Visual C++ Project Files

Goal: To construct a [Visual C++] project files generation tool for [Boost.Build]. The tool should have enough functionality to generate a complete set of project files and a solution file for building the [Boost] C++ Libraries with [Visual C++] version 8.0.

Mentor: Rene Rivera

Python port

'Goal:' To rewrite Boost.Build V2 in Python. The primary goals of the rewrite are improved peformance and maintainability. It's not expected that all Boost.Build functionality be ported, but building C++ application with two compilers will be required.

Mentor: Vladimir Prus

CompileTimeCheckedFormat

Mentor: AlexanderNasonov

Specialized containers with Boost.MultiIndex

Introduction: [Boost.MultiIndex] allows for the construction of complex data structures involving two or more indexing mechanisms on the same set of elements. Out of the unlimited range of possible data structures specifiable within Boost.MultiIndex, some particular configurations arise recurrently:

A bidirectional map or bimap is a container of elements of type pair<T,Q> where fast lookup is provided both for the T and the Q field, in contrast with a regular STL map which only allows for fast lookup on T.
An MRU (most recently used) list keeps the n last referenced elements: when a new item is inserted and the list has reached its maximum length, the oldest element is erased, whereas if an insertion is tried of a preexistent element, this gets promoted to the first position. MRU lists can be used to implement dynamic caches and the kind of behavior exhibited by programs featuring a "Recent files" menu command, for instance.

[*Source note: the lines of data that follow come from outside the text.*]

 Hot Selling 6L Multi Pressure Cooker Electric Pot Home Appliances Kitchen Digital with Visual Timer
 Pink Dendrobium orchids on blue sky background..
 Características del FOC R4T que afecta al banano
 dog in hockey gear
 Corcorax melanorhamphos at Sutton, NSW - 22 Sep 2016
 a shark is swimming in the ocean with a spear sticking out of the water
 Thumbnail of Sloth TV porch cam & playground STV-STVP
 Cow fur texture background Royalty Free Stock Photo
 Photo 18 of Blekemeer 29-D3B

Although Boost.MultiIndex provides the mechanisms to build these common structures, the resulting interface can be cumbersome and too general in comparison with specialized containers focusing on such particular structures.

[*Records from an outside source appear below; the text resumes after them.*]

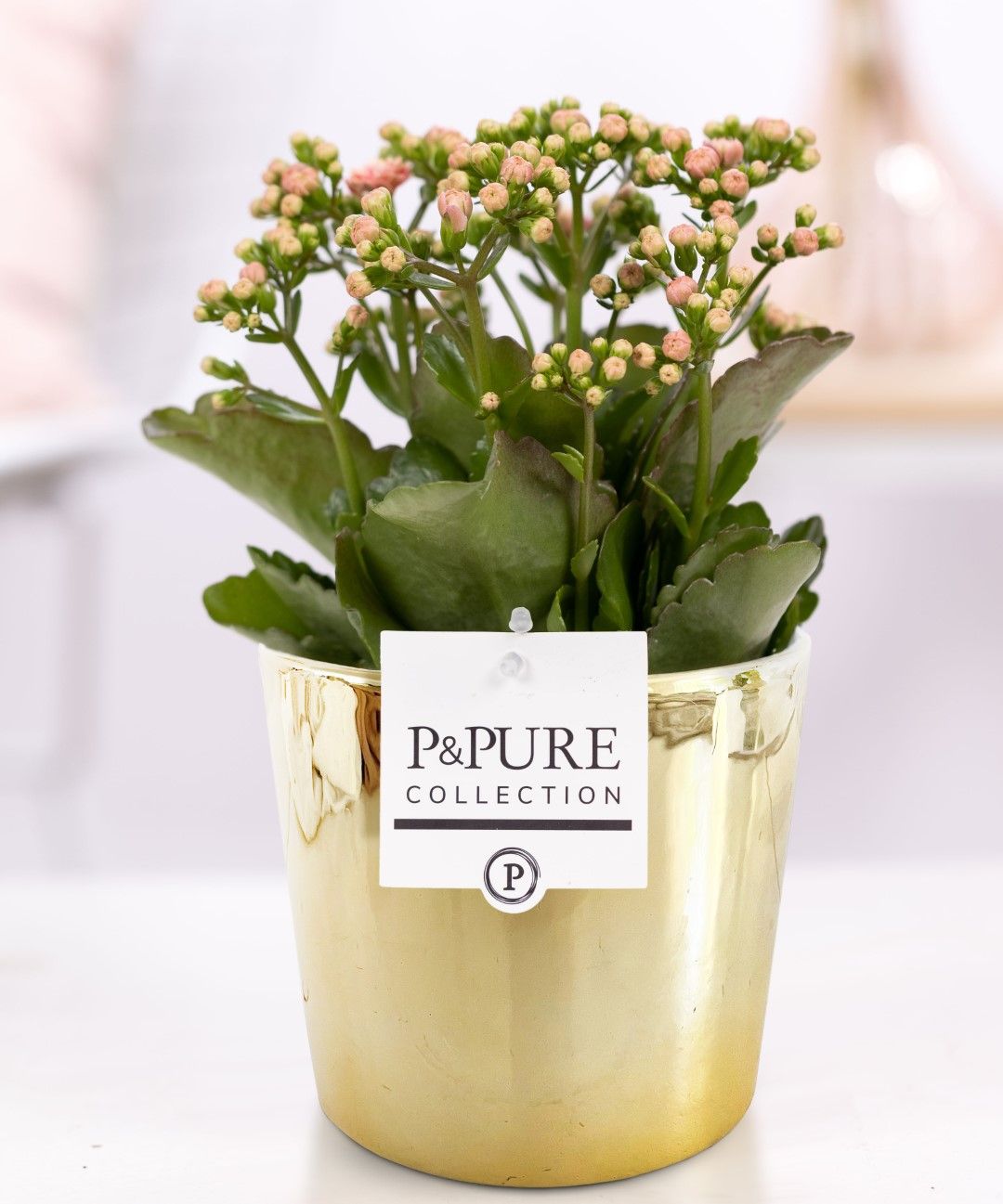 Kalanchoe pink in P&PURE Laryssa ceramics shiny gold, D 12 cm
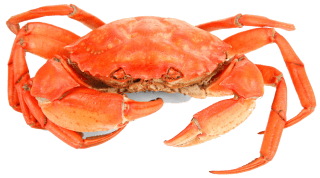 Image de crab
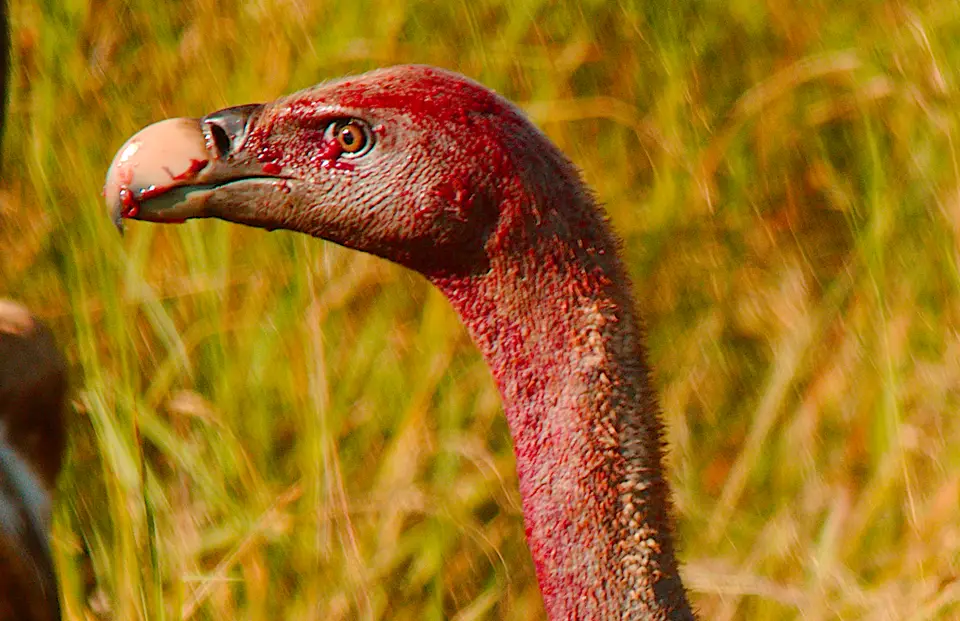DSC_5451.jpg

Goal: To write a library of specialized containers like the ones described above, using Boost.MultiIndex as the implementation core. Besides bimap and MRU list, the student can also propose other specialized containers of interest in the community. It is expected that the library meets the standards of quality required by Boost for an eventual inclusion in this project, which implies a strong emphasis on interface design, documentation and unit testing; the mentor will be guiding the student through the complete cycle from specification and requirements gathering to documentation and actual coding. The final result of the project must then contain:

Source code following [Boost programming guidelines].
User documentation. Requirements on the format are loose, though the [QuickBook] format is gaining acceptance within Boost.
Complete set of unit tests powered by [Boost Build System V2].

Requirements

Intermediate-to-high level in C++, with emphasis in generic programming (templates).
Knowledge of the STL framework and design principles. Of course, knowledge of Boost in general and Boost.MultiIndex in particular is a big plus.
Acquaintaince with at least two different C++ programming evironments.
Some fluency in the English language; subsequent reviews of the documentation can help smooth rough edges here, though.
A mathematical inclination and previous exposure to a formal Algorithms course would help very much.
A craving for extreme quality work.

Benefits for the student: The student taking on this project will have the opportunity to learn the complete process of software production inside a highly regarded C++ open source institution, and even see her work included in Boost eventually. The completion of the project involves non-trivial problems in C++ interface design and so-called modern C++ programming, high quality user documentation and unit testing. The student will also learn, perhaps to her surprise, that most of the time will be spent gathering and trying ideas and, in general, thinking, rather than writing actual code.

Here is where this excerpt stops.